Tuesday, September 11, 2007


All summer long we have suffered with the parents of little Madeline McCann, missing in Portugal. Now, they are both suspects in the investigation. What is going on?

What is going on is that the Portuguese police seem to be going back to first principles. All police forces know as a matter of faith that the person most likely to do you harm is a member of your own family. That's just a fact. Not surprisingly they seem to have come late to this realisation. Because the McCanns are an ideal media couple - very respectable doctors, devoutly religious and photogenic, the idea that they might be responsible for Maddie's disappearance is hard to believe. But, as they say, truth is often stranger than fiction.

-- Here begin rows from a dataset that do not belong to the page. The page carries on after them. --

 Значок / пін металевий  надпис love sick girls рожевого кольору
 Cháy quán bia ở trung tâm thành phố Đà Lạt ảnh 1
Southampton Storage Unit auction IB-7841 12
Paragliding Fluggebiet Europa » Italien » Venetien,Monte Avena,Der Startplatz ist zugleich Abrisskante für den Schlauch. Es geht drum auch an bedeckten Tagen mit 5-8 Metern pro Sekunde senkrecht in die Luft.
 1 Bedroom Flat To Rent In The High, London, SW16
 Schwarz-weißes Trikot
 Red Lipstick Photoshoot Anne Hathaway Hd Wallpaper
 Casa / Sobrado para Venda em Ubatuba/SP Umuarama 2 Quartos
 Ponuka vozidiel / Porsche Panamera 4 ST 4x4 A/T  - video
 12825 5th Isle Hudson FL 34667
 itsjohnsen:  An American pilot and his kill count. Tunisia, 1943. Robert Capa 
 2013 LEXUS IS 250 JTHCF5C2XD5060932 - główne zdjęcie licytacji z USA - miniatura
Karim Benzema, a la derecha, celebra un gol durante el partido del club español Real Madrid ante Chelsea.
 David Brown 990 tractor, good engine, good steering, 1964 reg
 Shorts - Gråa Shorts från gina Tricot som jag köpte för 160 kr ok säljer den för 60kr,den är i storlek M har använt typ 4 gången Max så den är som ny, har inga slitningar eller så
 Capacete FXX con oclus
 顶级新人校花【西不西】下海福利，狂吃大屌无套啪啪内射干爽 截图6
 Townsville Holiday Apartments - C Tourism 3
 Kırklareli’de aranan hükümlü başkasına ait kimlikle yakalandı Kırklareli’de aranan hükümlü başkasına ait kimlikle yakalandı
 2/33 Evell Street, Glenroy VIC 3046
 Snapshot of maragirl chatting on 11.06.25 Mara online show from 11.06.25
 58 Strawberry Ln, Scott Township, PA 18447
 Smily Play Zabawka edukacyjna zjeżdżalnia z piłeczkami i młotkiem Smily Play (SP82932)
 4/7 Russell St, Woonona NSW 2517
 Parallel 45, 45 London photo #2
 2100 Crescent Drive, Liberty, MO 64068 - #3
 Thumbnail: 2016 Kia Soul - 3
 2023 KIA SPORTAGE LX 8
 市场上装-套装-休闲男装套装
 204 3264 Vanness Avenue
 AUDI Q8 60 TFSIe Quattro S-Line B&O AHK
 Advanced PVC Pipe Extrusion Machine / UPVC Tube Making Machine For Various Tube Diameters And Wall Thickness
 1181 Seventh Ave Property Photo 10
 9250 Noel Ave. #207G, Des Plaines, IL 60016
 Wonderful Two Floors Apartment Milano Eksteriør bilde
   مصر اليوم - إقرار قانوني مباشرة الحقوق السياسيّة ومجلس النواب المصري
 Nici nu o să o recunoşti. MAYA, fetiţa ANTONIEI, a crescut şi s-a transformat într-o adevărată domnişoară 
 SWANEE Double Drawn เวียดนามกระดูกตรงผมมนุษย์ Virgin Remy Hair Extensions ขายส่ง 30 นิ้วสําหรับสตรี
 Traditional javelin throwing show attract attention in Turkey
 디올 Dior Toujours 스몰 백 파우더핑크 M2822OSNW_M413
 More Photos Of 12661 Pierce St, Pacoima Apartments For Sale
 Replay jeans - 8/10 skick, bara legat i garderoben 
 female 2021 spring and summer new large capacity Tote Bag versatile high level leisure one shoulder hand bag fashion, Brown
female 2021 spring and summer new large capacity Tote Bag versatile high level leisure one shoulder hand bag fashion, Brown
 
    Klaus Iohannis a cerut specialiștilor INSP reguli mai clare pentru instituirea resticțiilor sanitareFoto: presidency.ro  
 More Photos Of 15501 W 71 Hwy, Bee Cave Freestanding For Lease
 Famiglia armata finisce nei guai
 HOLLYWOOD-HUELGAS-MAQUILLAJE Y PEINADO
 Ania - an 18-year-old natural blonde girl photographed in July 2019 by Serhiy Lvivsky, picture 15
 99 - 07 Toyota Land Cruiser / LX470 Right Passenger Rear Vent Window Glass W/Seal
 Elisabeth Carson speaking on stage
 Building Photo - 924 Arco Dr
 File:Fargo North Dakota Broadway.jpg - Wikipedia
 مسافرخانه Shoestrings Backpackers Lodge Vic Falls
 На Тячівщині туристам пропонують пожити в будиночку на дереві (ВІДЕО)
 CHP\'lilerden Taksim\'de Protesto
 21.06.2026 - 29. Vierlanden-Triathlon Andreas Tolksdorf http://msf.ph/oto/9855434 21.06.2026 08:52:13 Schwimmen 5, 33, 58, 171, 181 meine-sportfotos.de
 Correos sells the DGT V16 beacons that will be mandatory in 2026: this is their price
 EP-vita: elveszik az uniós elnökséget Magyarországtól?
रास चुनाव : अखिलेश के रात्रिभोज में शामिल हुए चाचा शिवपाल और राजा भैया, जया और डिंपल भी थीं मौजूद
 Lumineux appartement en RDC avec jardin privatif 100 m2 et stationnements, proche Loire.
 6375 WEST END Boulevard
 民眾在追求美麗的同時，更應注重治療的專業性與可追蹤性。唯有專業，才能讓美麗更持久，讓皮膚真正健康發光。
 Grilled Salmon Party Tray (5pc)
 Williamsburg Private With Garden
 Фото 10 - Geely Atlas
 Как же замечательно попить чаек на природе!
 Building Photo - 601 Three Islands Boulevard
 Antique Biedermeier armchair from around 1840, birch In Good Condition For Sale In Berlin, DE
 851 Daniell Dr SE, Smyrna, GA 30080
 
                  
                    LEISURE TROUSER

Fact is: there has been no concrete information about Maddie's disappearance since May. For all intents and purposes she may have been abducted by aliens. She just disappeared. That's one of the few indisputable, concrete facts we can cling to.

What seems to be swinging the investigation towards the parents is DNA evidence. However improbable, it is reported that the police have found Maddie's DNA in a car hired by the McCanns long after Maddie's disappearance. How can this be?

All sorts of theories have surfaced. The DNA came from Maddie's stuffed toy: items of her clothing were transported in the car: the parents used the car to transport Maddie's body somewhere and bury it. What is true is the case raises questions about DNA evidence that have been troubling me for some time.

Ever see the set of adverts on TV which show people acting like apes? The adverts go on to say that human DNA differs from chip DNA by considerably less than one percent. I wonder how many people actually know what this means in practical terms?

I wonder how many people know that the human genome shows almost no genetic variation. We are all remarkably closely related. At the same time, of course, we all have unique DNA sequences which set us apart from other humans. Except for identical twins, we all have a uniquely special set of DNA inherited from our parents. That's the theory anyway, and it fits the known scientific evidence quite well. But, is it foolproof?

Where the sample DNA consists of only minute quantities, or material that has suffered damage, the picture is not so clear. Nevertheless, we take the shibboleth that DNA evidence is the be all and end all of conclusiveness. If the DNA says you did it – you did it.

I've always thought this is very dangerous. Maddie's case highlights some real concerns. If there is DNA in the hire car and it is from Maddie, how did it get there? It's dangerous in the extreme to suppose it must have been deposited by the parents moving the body. Without other corroborating evidence, it should not be possible to convict anyone of a crime solely DNA evidence. If “your” DNA is found on a murder weapon and you know it wasn't you you will soon become a convert to the Scepticism Club. Probably a founder member!

The jury is out on Maddie's disappearance. It is possible the parents are involved/responsible. DNA evidence may help to clear this up. It cannot be used on its own to convict them – or, indeed, anyone else.